Être entourée par la nature et les montagnes est une façon de se reconnecter à ses racines colombiennes. © Ana Maria Angarita
Être entourée par la nature et les montagnes est une façon de se reconnecter à ses racines colombiennes. © Ana Maria Angarita
Selon vous, quelle est la perception des réfugiés en Suisse ?

Il y a différentes positions. Grâce à mon travail, j'ai pu constater qu'il y a une prise de conscience croissante quant à la nécessité de soutenir la vie des personnes qui demandent l'asile, et il y a beaucoup de grandes initiatives à travers le pays pour soutenir l'intégration des réfugiés. Nous constatons également que les entreprises prennent de plus en plus position pour soutenir les talents réfugiés et adaptent même leurs lieux de travail pour les accueillir. La Suisse est un pays à tradition humanitaire, et la plupart des gens comprennent la nécessité d'aider les personnes dans le besoin. Lorsque la récente crise humanitaire a éclaté en Afghanistan, une pétition en ligne a été lancée pour demander l'accueil immédiat d'au moins 5’000 Afghans en Suisse. Cela montre qu'il y a des gens qui se soucient de ce qui se passe ailleurs.

Mais je continue de penser que nous avons besoin d'un changement de paradigme en Suisse sur la façon dont les migrants et les réfugiés sont perçus. Les gens qui vivent ici doivent continuer à être sensibilisés afin qu'ils ne se sentent pas menacés par les nouveaux arrivants qui, dans de nombreux cas, n'ont pas choisi de venir ici. Ils n'ont pas eu le choix car c'était pour eux le seul moyen de survivre. Nous avons tous le droit de vivre une vie heureuse et être en sécurité. Les migrants et les réfugiés sont des personnes qui amènent avec eux un riche bagage culturel, ils ont beaucoup de talent et de nouvelles idées, et ils peuvent être un atout pour la société.

Si vous pouviez transmettre un message aux Suisses, que leur diriez-vous ?

En tant qu'ancienne réfugiée, je leur dirais d'être ouverts aux réfugiés et - s'ils en ont la possibilité - de les aider à s'épanouir et d'investir dans leur talent.

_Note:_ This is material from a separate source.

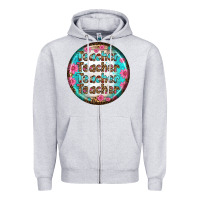 Heather Grey teacher vibe earrings Zipper Hoodie - BundleAndBundleShop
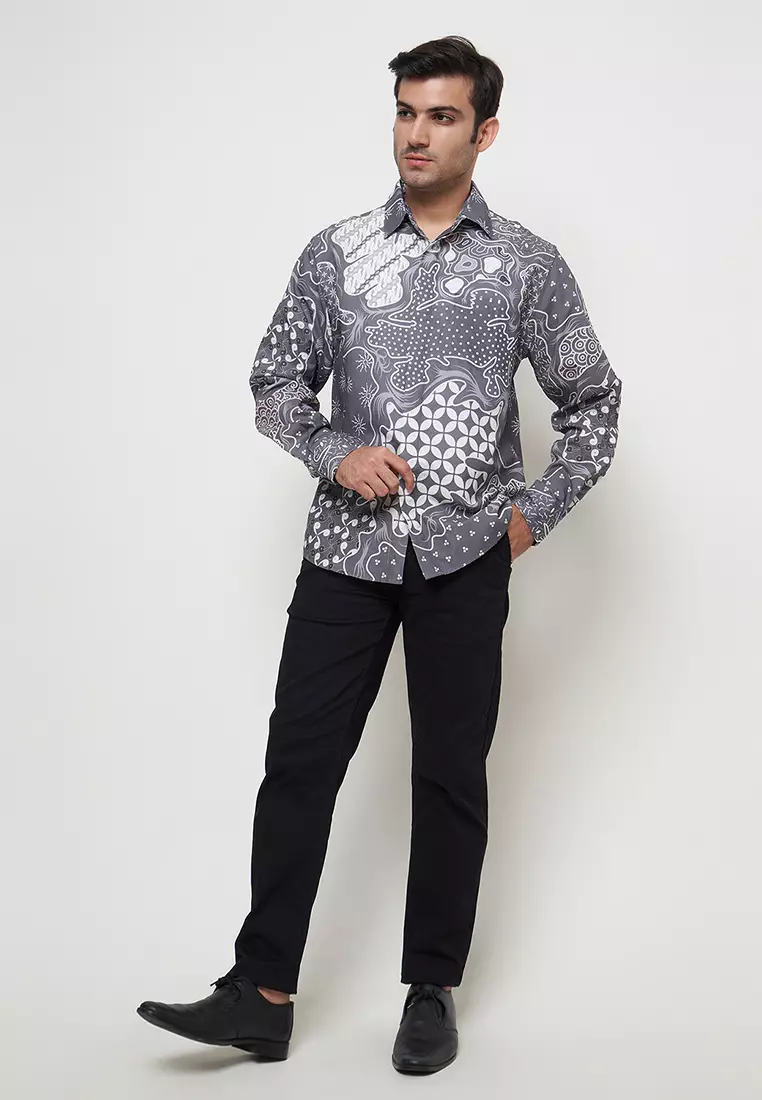 Slimfit Esta Grey Kemeja Batik Pria Lengan Panjang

La compréhension des réfugiés et de leur vie est encore limitée. Si les gens souhaitent en savoir plus sur les défis auxquels les réfugiés sont confrontés, ils peuvent s'engager ou même se porter volontaires dans des initiatives qui les soutiennent. Je pense que le fait d'avoir une interaction directe avec les réfugiés est le moyen le plus puissant de rester ouvert et de voir l'intérêt de travailler avec eux.

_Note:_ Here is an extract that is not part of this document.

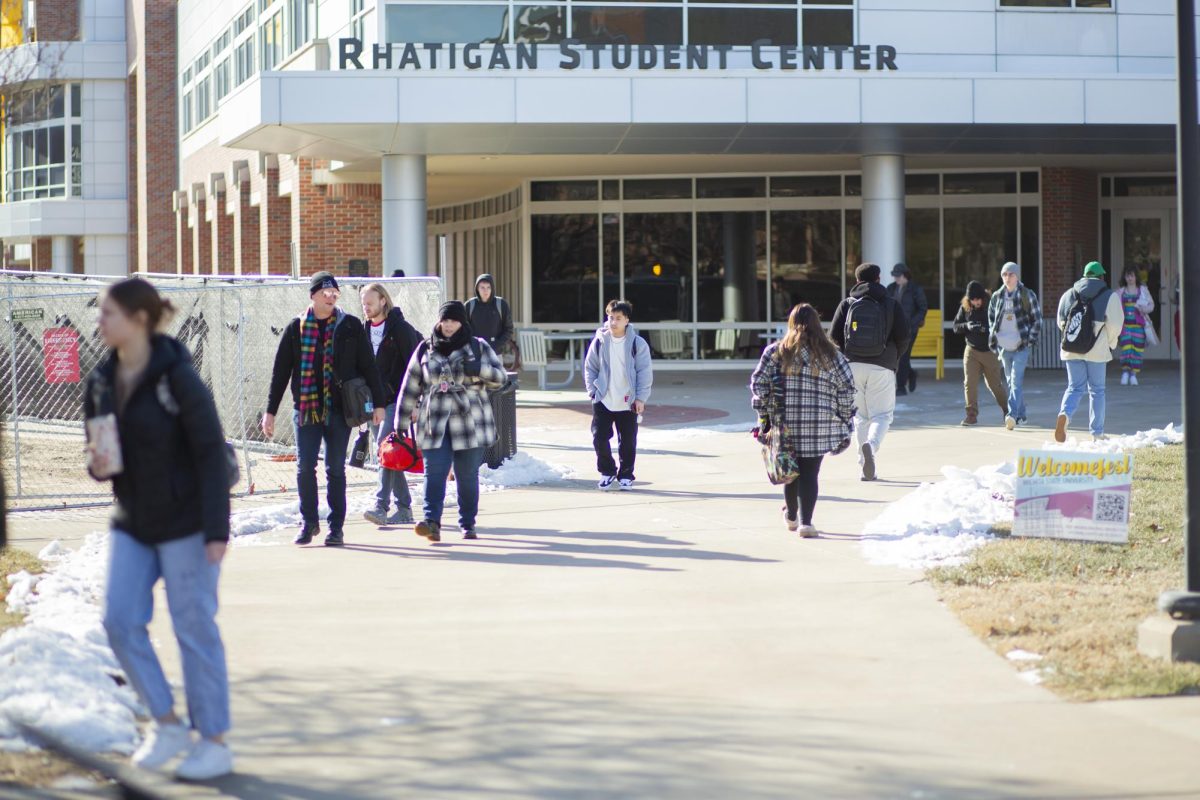 Students walk in front of the Rhatigan Student Center on Wednesday, Jan. 17. 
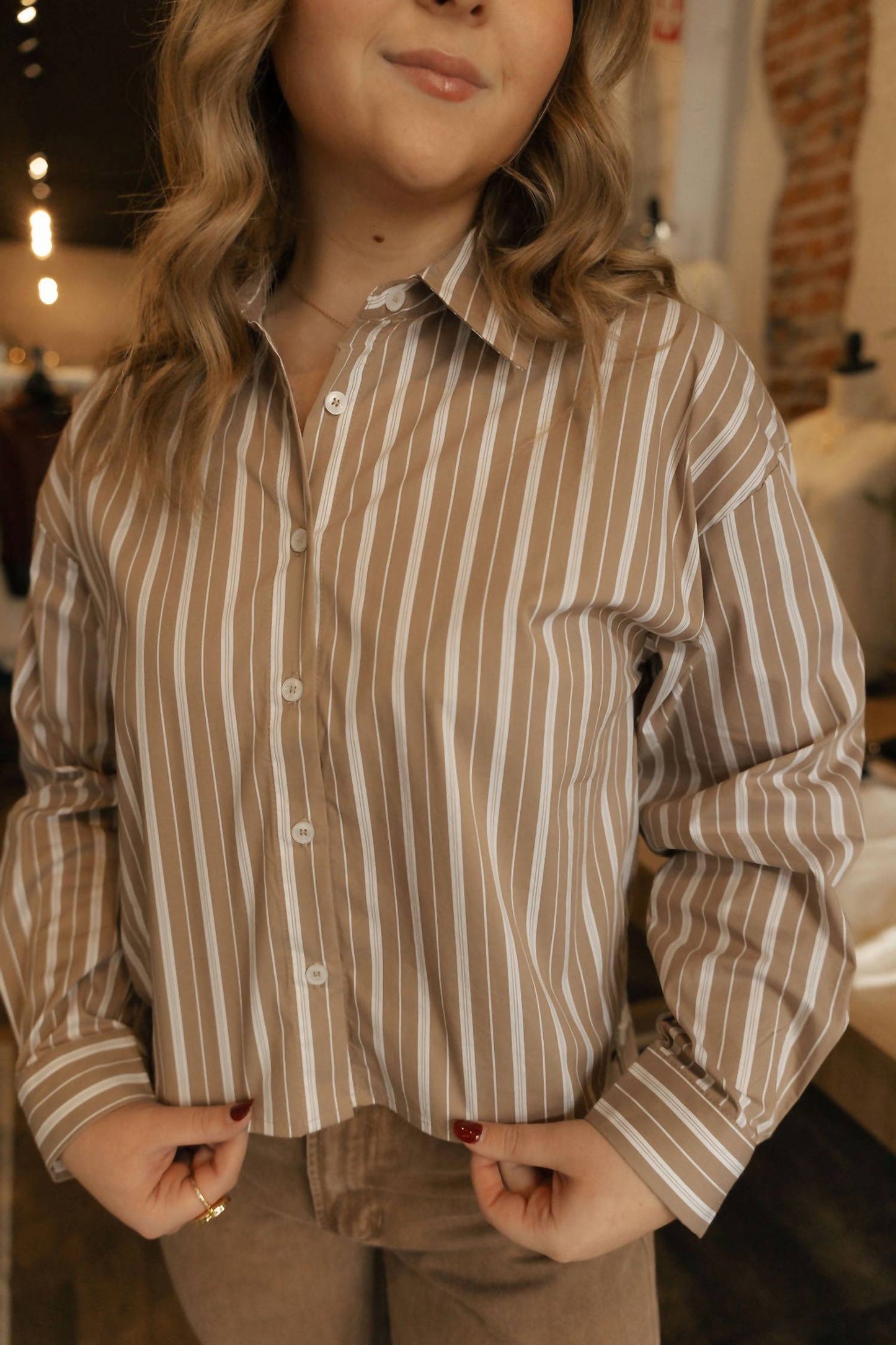 Able - Crop Striped Shirt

Mon histoire n'est qu'une parmi des millions d'histoires de personnes qui n'ont pas choisi de quitter leur pays d'origine, dont les limites ont été testées à maintes reprises, dont les rêves ont été brisés, mais qui en ont tout de même trouvé de nouveaux. Si la population locale est prête à aider, elle aura l'occasion de contribuer au bonheur de personnes fortes qui ont le pouvoir de se réinventer, de s'adapter à des situations difficiles et qui sont très fières de leurs origines.